They barely looked tired. They had so many bags. And animals. And children. They smiled and some cried and some stared. But all were welcomed home. Last night a small group of us from Chizuk Amuno went out to BWI to welcome home our servicemen and women. We have been going about once a month for the past year.
The flight we met had 357 troops on board, mostly service people but also their husbands and wives and children. They had begun their journey 36 hours earlier in Afghanistan, with stops along the way in Bagdad Iraq, Aviano Italy, Ramstein Germany and one other place I’ve forgotten until they finally arrived to us in Baltimore.
We did what we always do – we gave out goodie bags, we cheered, we shook hands, we said thank you, and we cried.
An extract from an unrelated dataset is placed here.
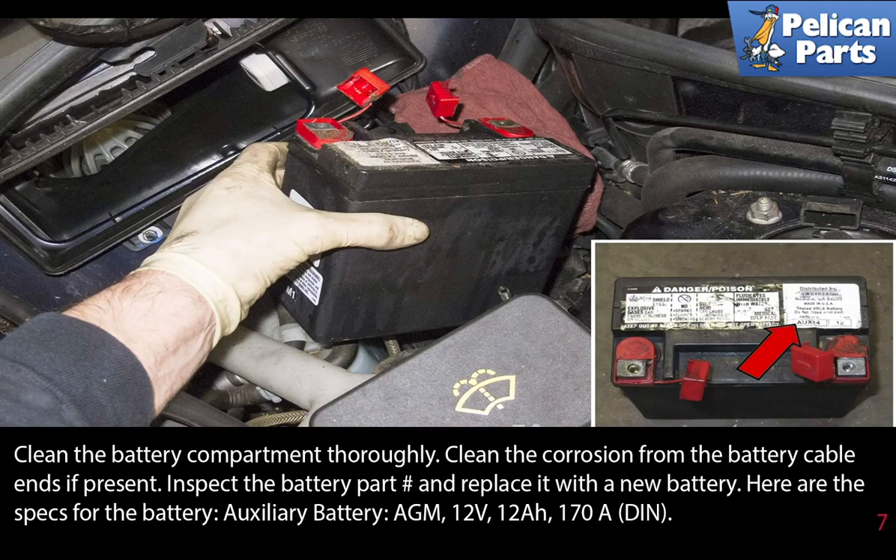Clean the battery compartment thoroughly and clean any corrosion from the battery cable ends if present. Installation is the reverse of removal.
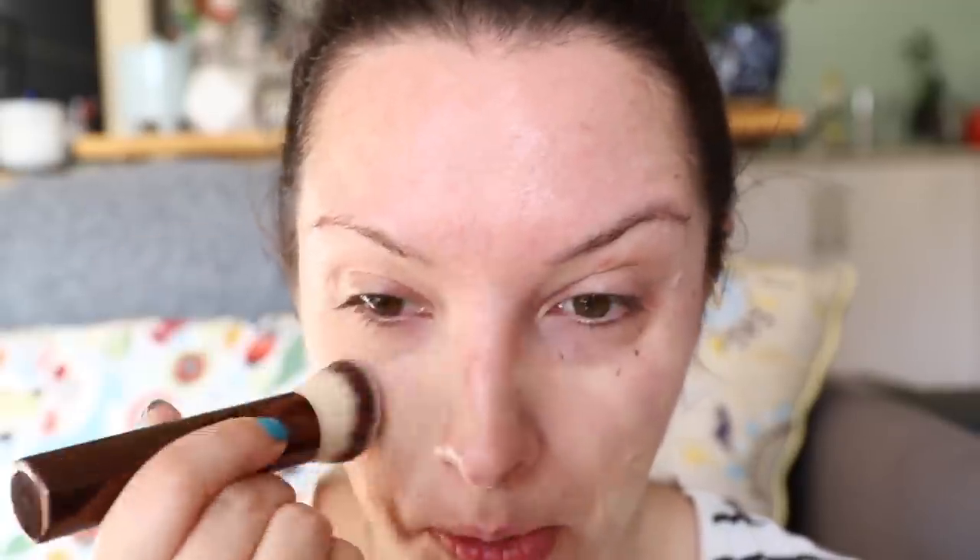This is a pretty thick foundation and you can see it has pretty decent coverage. I'm sort of trying to smear it around because half a pump is really not much product — you can see it's almost dry already. I really don't think half a pump is enough for me. You can probably do it if you really want to go at your face, which I don't really want to do. Half a pump has done sort of the lower half of my face but I still have the upper half to go.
Even after doing this many times I am still moved to tears when I see children reunited with their parents and parents reunited with their children after long deployments. Another parent who joined me last night said she was struck to greet these young people and realize that some of them were only five years older than her own child. It is a sobering and powerful realization.
In my tefila class yesterday we spoke about bringing our emotional selves to prayer. One woman shared that she wasn’t sure it was prayer per se, but that every day she enumerates her blessings and says thank you. Last night each thank you indeed felt like a prayer – for keeping our troops safe and bringing them home to loved ones and that all of our military personnel might one day soon enjoy that blessing.
It is a wonderful experience to greet our troops and express gratitude to them for their service to us and our country, I hope you’ll join me out at BWI another time.